When $x_{\text{norm}}$ is negative, we bind $\text{result}$ to $x$ divided by the product of $\text{beta}$ , $\text{conversion_gain}$, and $\sqrt{3/8}$. This is effectively linear extrapolation from 0 in the negative direction. Schematically:

$$ \text{result} := \frac {x} {\text{beta} * \text{conversion_gain} *\sqrt{3/8} } $$

If encoded_dtype denotes an integer data type, then $\text{result}$ is rounded before the data type casting procedure.

Reference python function

The above procedure is implemented in the following reference Python function:

# /// script
# requires-python = ">=3.11"
# dependencies = ["zarr>=3.1.1", "numpy==2.2"]
# ///
import numpy as np
from zarr.core.dtype import ZDType
def anscombe_transform(x, conversion_gain: float, zero_level: float, beta: float, encoded_dtype: ZDType):
    # Convert to event units
    event_rate = (x - zero_level) / conversion_gain

    zero_slope = 1.0 / (beta * np.sqrt(3.0 / 8.0))
    offset = zero_level * zero_slope / conversion_gain

    if event_rate < 0:
        # Linear extrapolation
        result = offset + event_rate * zero_slope
    else:
        # Anscombe transform
        result = offset + (2.0 / beta) * (np.sqrt(event_rate + 3.0 / 8.0) - np.sqrt(3.0 / 8.0))

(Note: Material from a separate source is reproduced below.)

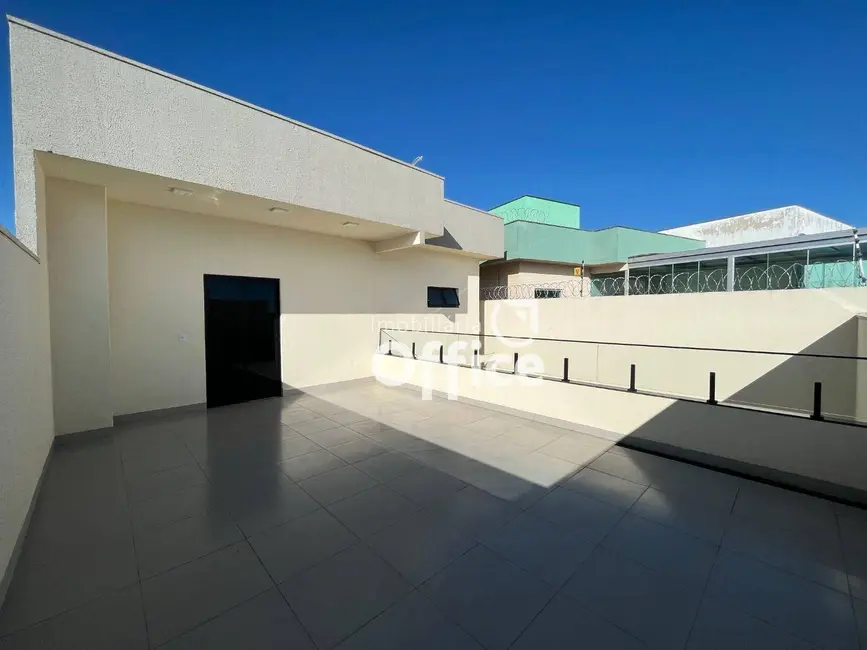 Foto 3 de Sobrado com 3 quartos à venda, 263m2 em Setor Sul Jamil Miguel, Anapolis - GO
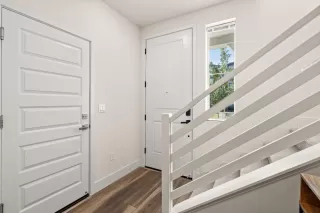 Photo #4: ML82023988 Listing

    # When converting from a floating point to an integer data type,
    # values should be rounded prior to type conversion
    np_dtype = encoded_dtype.to_native_dtype()
    if np_dtype.kind in {"i", "u"}:
        return np.astype(np.round(result), np_dtype)
    return np.astype(result, np_dtype)

Decoding

Algorithm

To decode Anscombe-transformed data, invert the encoding algorithm. Depending on the choice of output data type, the decoded data may not match exactly the input.

Parameters

In addition to the input array, the decoding procedure takes the following parameters:

name type
conversion_gain positive real number
zero_level real number
beta positive real number
decoded_dtype Zarr V3 data type

These are the same as the parameters used for the encoding procedure minus the encoded_dtype; the decoded_dtype is required instead.

Codec metadata

field type required notes
name literal "anscombe-transform" yes
configuration anscombe transform configuration yes

Configuration metadata

field type required notes
zero_level number yes The value in the input array that corresponds to 0 detected events.
beta positive number yes Ratio of quantization step to noise. Typical values are between 0.5 and 2.
conversion_gain positive number yes The magnitude of a single recorded event in the input data
decoded_dtype Zarr V3 data type metadata yes The Zarr data type of the input array.
encoded_dtype Zarr V3 data type metadata yes The Zarr data type of the output array.

Supported array data types

This codec is compatible with array data types that model real numbers or a subset thereof.